**Your goal:**
Print the listing in its entirety and exactly, leaving out images.

**Data:**

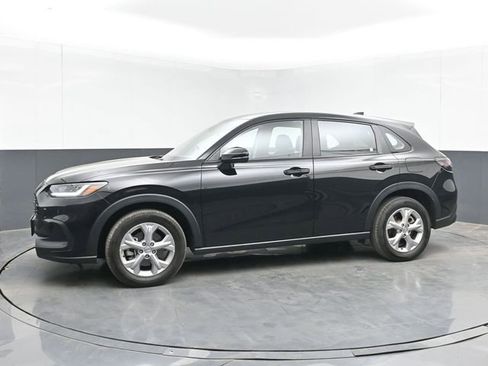 Used 2025 Honda HR-V LX image 6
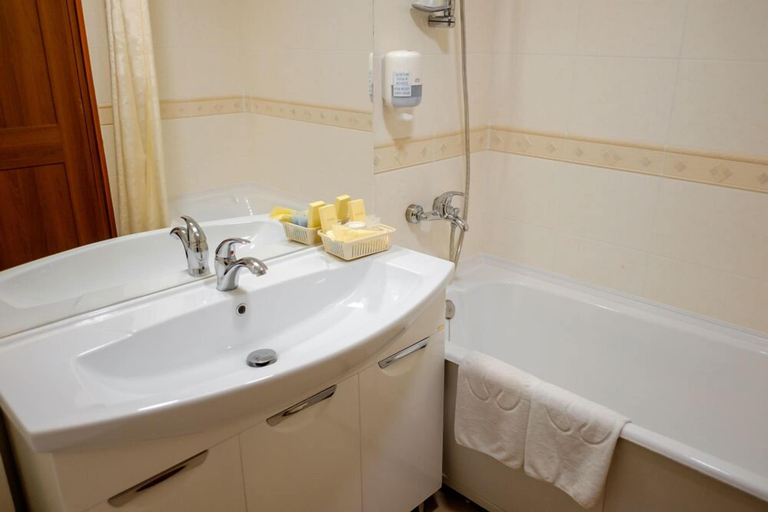 Bathroom 4, Hotel Gagarin, Anivskiy rayon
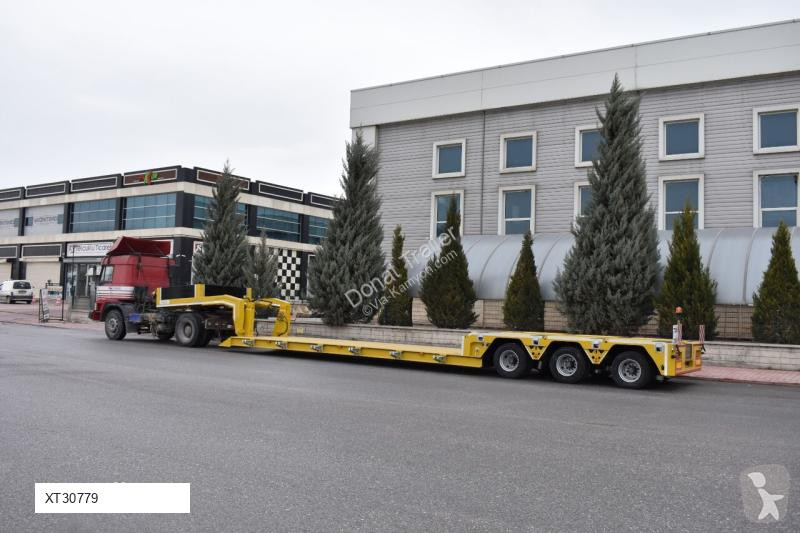 Oplegger Donat Front loading hydraulic lowbed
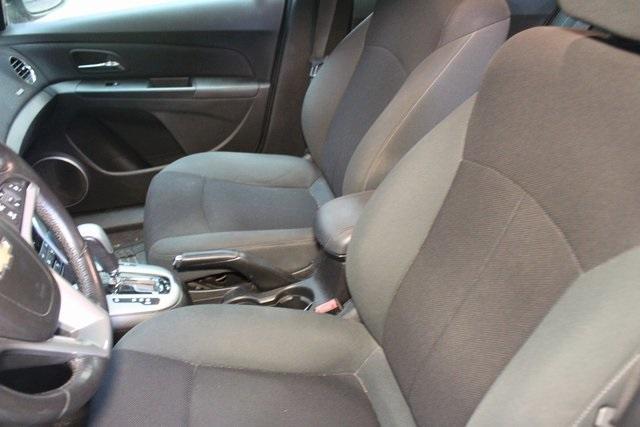 used 2011 Chevrolet Cruze car, priced at $2,500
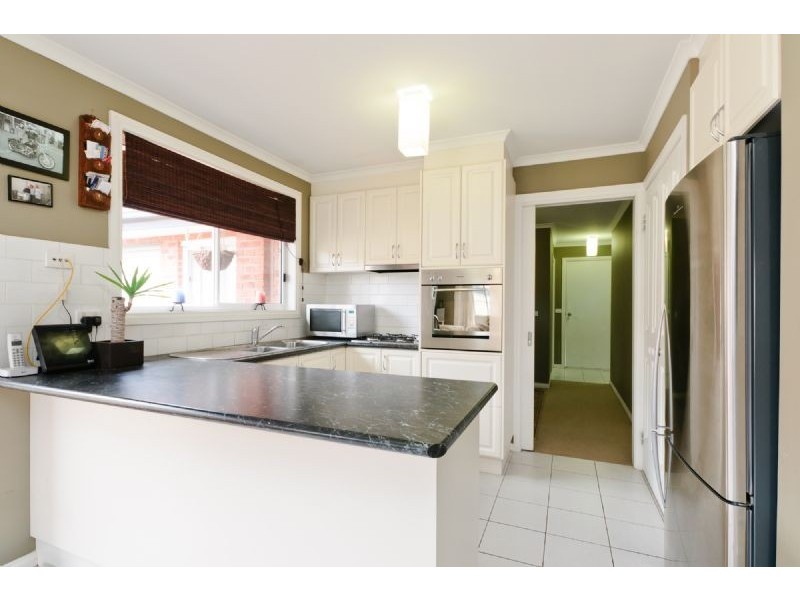 7 Tigris Court, Roxburgh Park VIC 3064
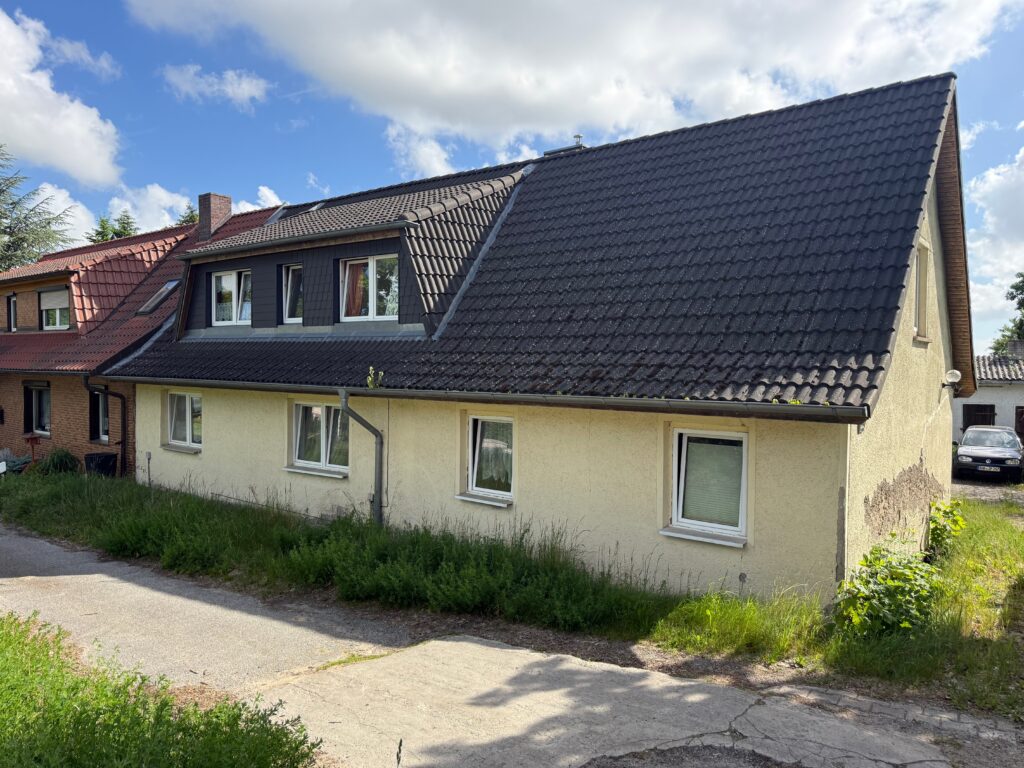 Sanierungsbedürftige Doppelhaushälfte mit traumhaftem Peeneblick und großem Garten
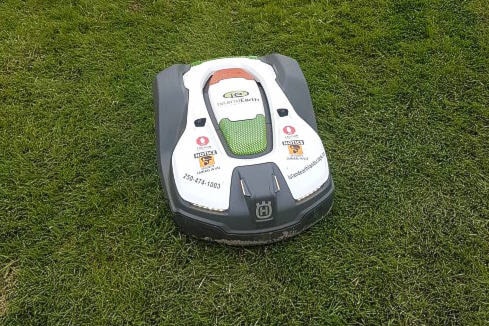 11637498_web1_180427-PNR-robot-mower1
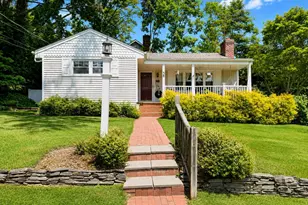 38 Hill Dr, Glen Head, NY 11545 - Photo 23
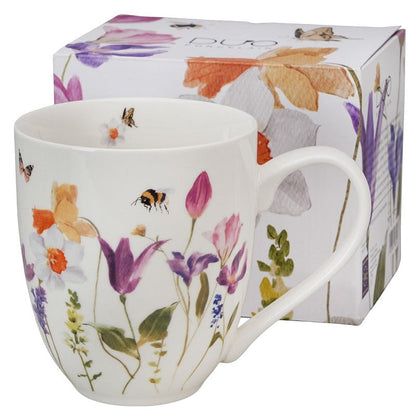 Kubek porcelanowy XXL May 1000 ml z kwiatowym wzorem i motylami na bialym tle
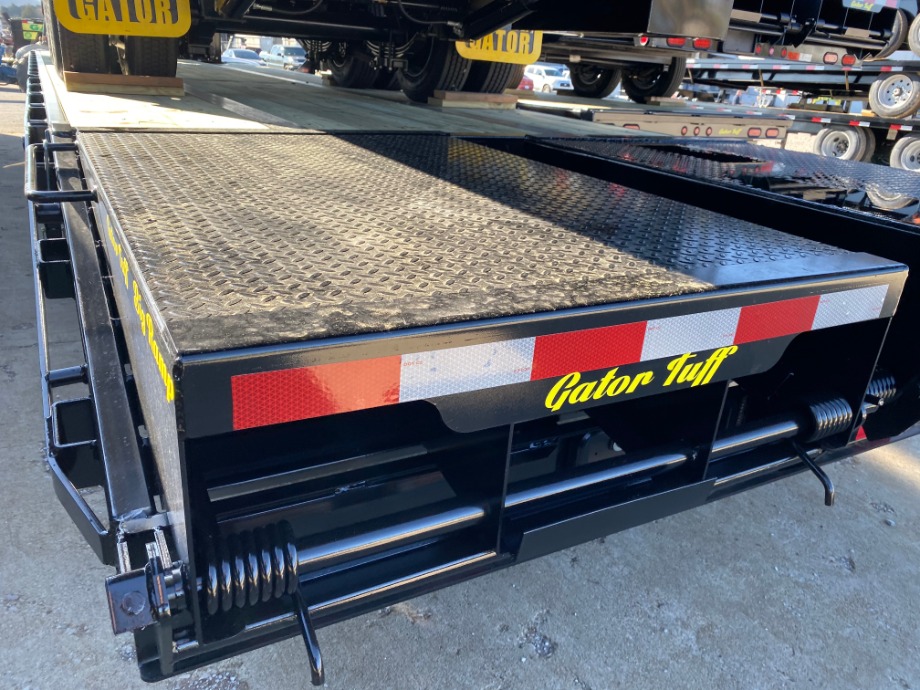 Gooseneck Trailer With Largest Carrying Capacity Gooseneck Trailers 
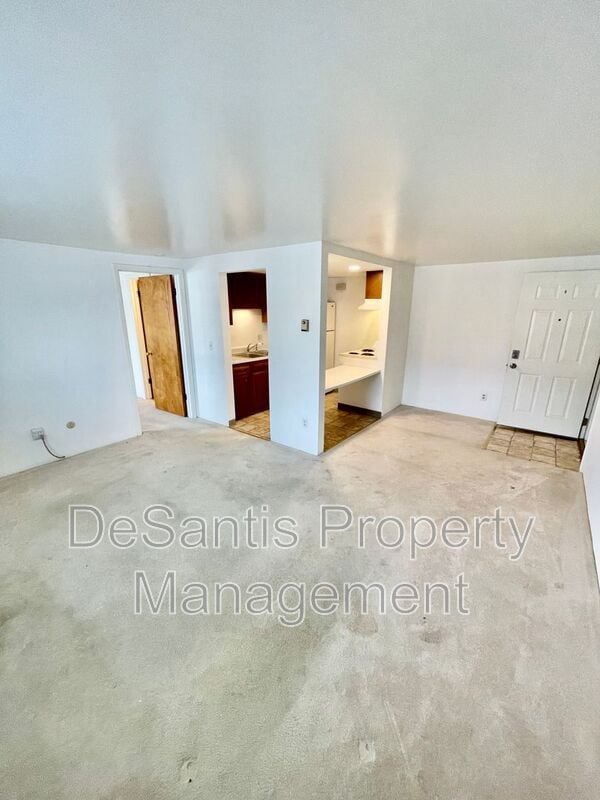 Foto del edificio - 628 Steele St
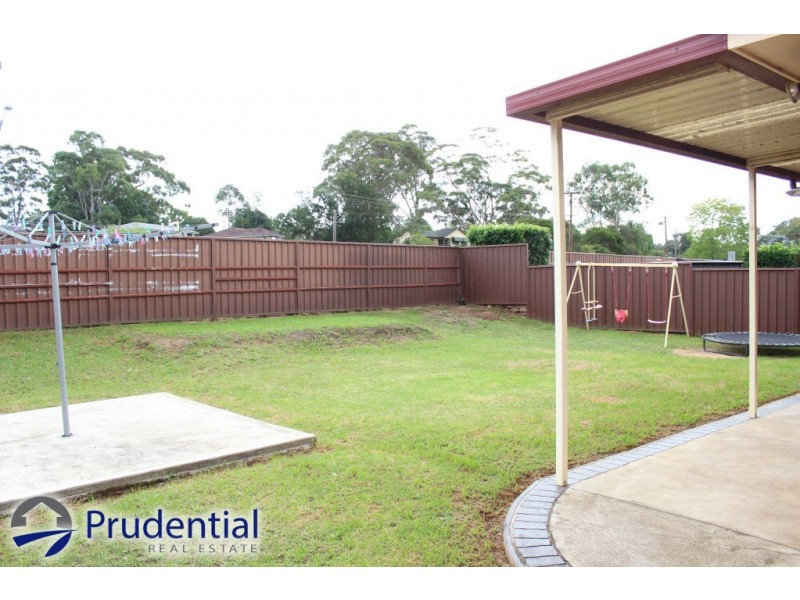 11 Weemala Crescent, Bradbury NSW 2560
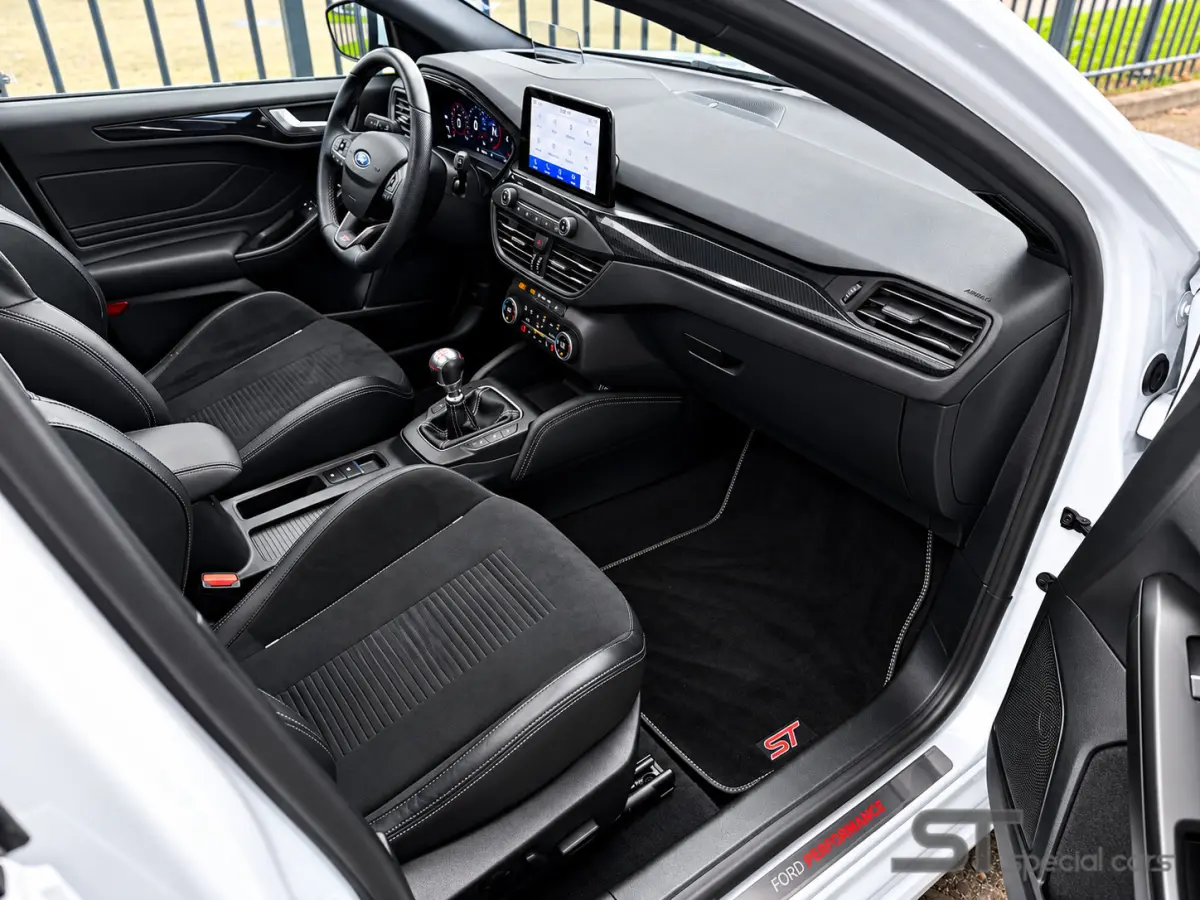 2.3 EcoBoost ST-X|Pano|HUP|Performance Pack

**Task solution:**
 Used 2025 Honda HR-V LX image 6
 Bathroom 4, Hotel Gagarin, Anivskiy rayon
 Oplegger Donat Front loading hydraulic lowbed
 used 2011 Chevrolet Cruze car, priced at $2,500
 7 Tigris Court, Roxburgh Park VIC 3064
 Sanierungsbedürftige Doppelhaushälfte mit traumhaftem Peeneblick und großem Garten
 11637498_web1_180427-PNR-robot-mower1
 38 Hill Dr, Glen Head, NY 11545 - Photo 23
 Kubek porcelanowy XXL May 1000 ml z kwiatowym wzorem i motylami na bialym tle
 Gooseneck Trailer With Largest Carrying Capacity Gooseneck Trailers 
 Foto del edificio - 628 Steele St
 11 Weemala Crescent, Bradbury NSW 2560
 2.3 EcoBoost ST-X|Pano|HUP|Performance Pack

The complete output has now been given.